= Thomas Pakington =

Sir Thomas Pakington (c. 1530–1571) of Hampton, Worcestershire, was knighted by Queen Mary on 2 October 1553 and was Sheriff of Worcester in 1561.

==Biography==
Thomas Pakington was the son of Robert Pakington, a London mercer and an M.P. for the City in 1534, who was murdered in London in 1536. Thomas inherited from his mother, Agnes (or Katharine), daughter of Sir John Baldwin (died 1545), large estates in and near Aylesbury in Buckinghamshire, and was also heir to his uncle, Sir John Pakington.

Pakington was knighted by Queen Mary on 2 October 1553, and was sheriff of Worcester in 1561. He died at Bath Place, Holborn, on 2 June 1571, and was buried at Aylesbury on the 12th.

==Family==
Pakington married Dorothy (1531–1577), daughter of Sir Thomas Kitson (1485–1540), by whom he had two daughters and one son, John Pakington (1549-1625).

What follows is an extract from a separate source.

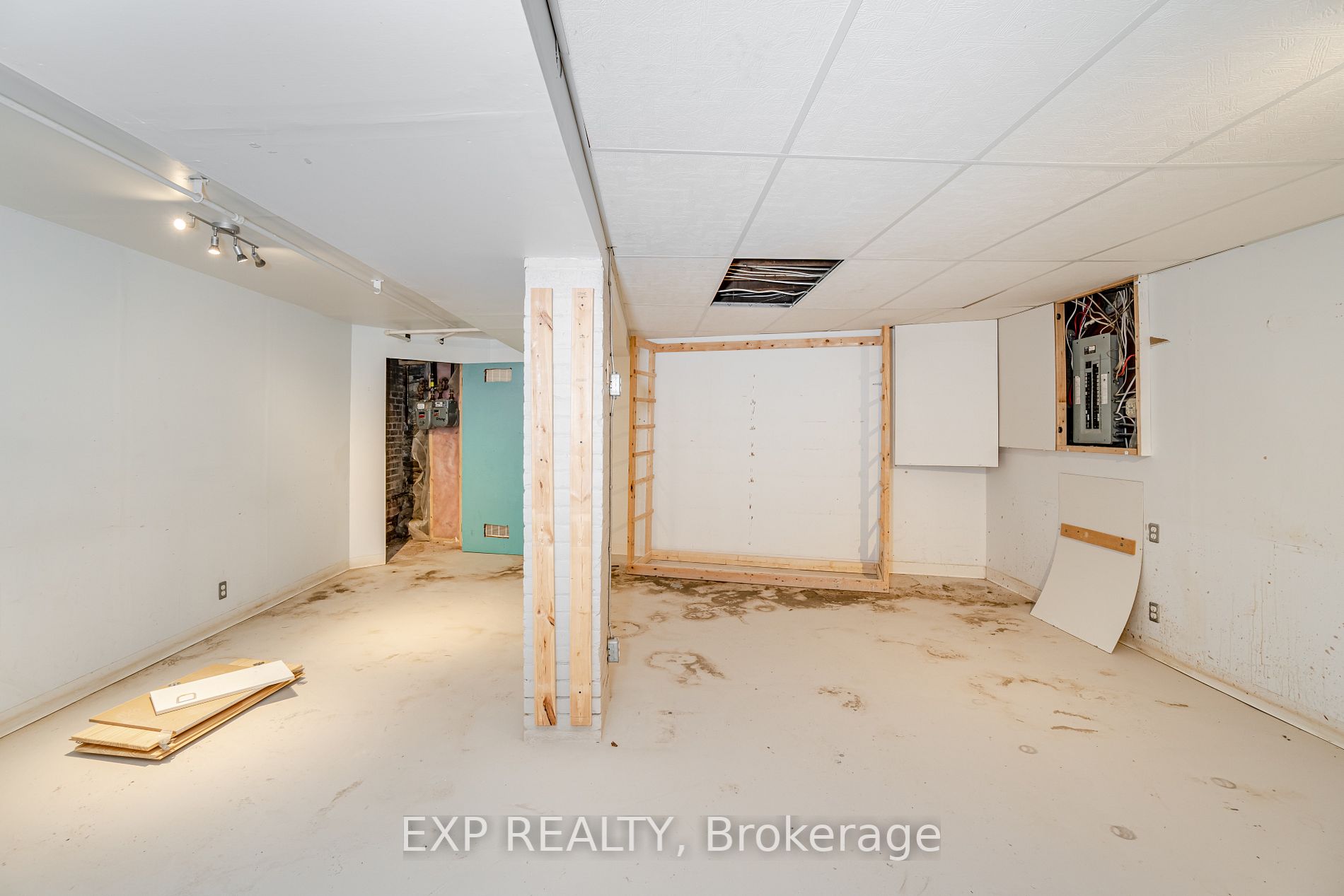 3052 Dundas St W Property Photo 17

His widow Dorothy, who was his sole executrix, acquired some celebrity by her interference in electioneering matters. On 4 May 1572 she issued a writ in her own name as "lord and owner of the town of Aylesbury", appointing burgesses for the constituency. She afterwards married Thomas Tasburgh of Hawridge in Buckinghamshire, and died 2 May 1577.